We said goodbye to 2013 a couple of days ago. For me, it was a bittersweet good-bye; sad because I have always been emotional with them, and happy because 2013 was a year of endings and new beginnings. And that type of year is filled with sadness, hardship, effort and joy. The roller coaster year, as I like to call it. A year of learning and growth.
So....as I rang in the New Year, it was with feelings of melancholy and relief...although it was with much more of the latter. It's strange how certain events can take up so much room in your mind and in your life. It was three years ago today during a cold (although not as cold as it is right now!) and lazy post holiday day, that I got the phone call. Two of the directors from my office e-mailed me in the morning, wanting a conference call. I was on sick leave, recovering from an operation that I had in late November; one of the many follow up surgeries following my double mastectomies.

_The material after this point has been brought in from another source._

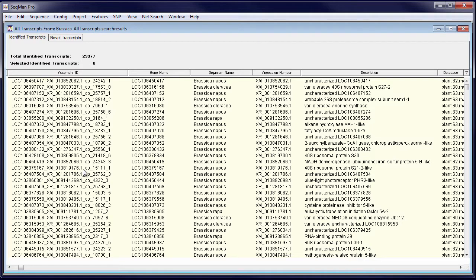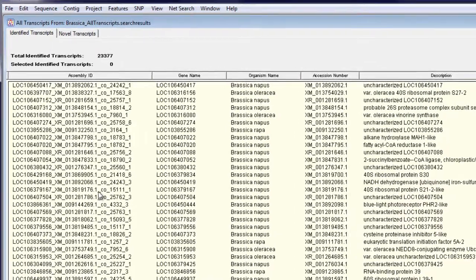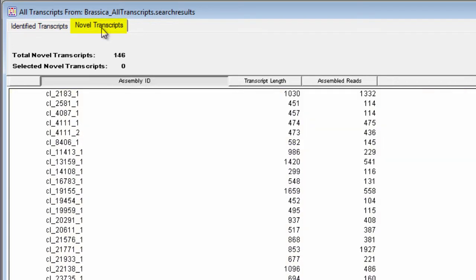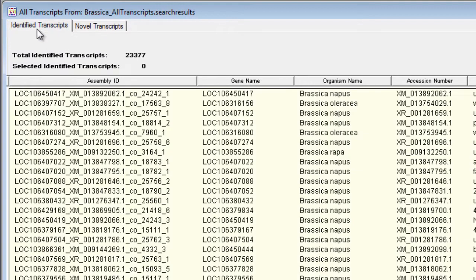After assembly, open the transcriptome package in SeqMan Pro. Here you'll see a report of all the assembled transcripts, grouped into two tabs: identified transcripts, which match genes from the RefSeq database, and novel transcripts, assembled de novo without a reference.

Being the consummate professional, I immediately thought of the items I would list as goals for the new year. As I got on the call, we started the usual banter about how nice the holidays were, and how much we appreciated our down time. Our jobs were very demanding, and the hours were long. One of my colleagues on the call was a woman, whose mother had also been diagnosed with breast cancer. We had spoken at times over the past months about her mother, and I had been open in talking about my own experiences with her.
It didn't take long to figure out that the call was not regarding our future plans, but regarding my future plans specifically. I was being fired.
And thus started the year of 2013. As with a cancer diagnosis, your mind goes into a sort of shock when you first hear the words nobody ever wants to hear. The same sort of questions go through your mind...What did I do to deserve this? Why me? Why now? Then it rolls into more thoughts, like: What will I do? How am I going to break the news to my family? I have three girls that I have to provide for, and a roof to keep over their head. Poor me....poor me....poor me......The feeling sorry for myself phase was intertwined with feelings of anger. I had given so much of myself to this job.
Many hours away from the family, lots of high pressure situations and stress, many yesterday deadlines, all whilst I endeavored to provide leadership to those working in my division. But most of all, I had never let them down. I took only six weeks off following my double mastectomies, and worked through eight rounds of chemotherapy, never skipping a beat.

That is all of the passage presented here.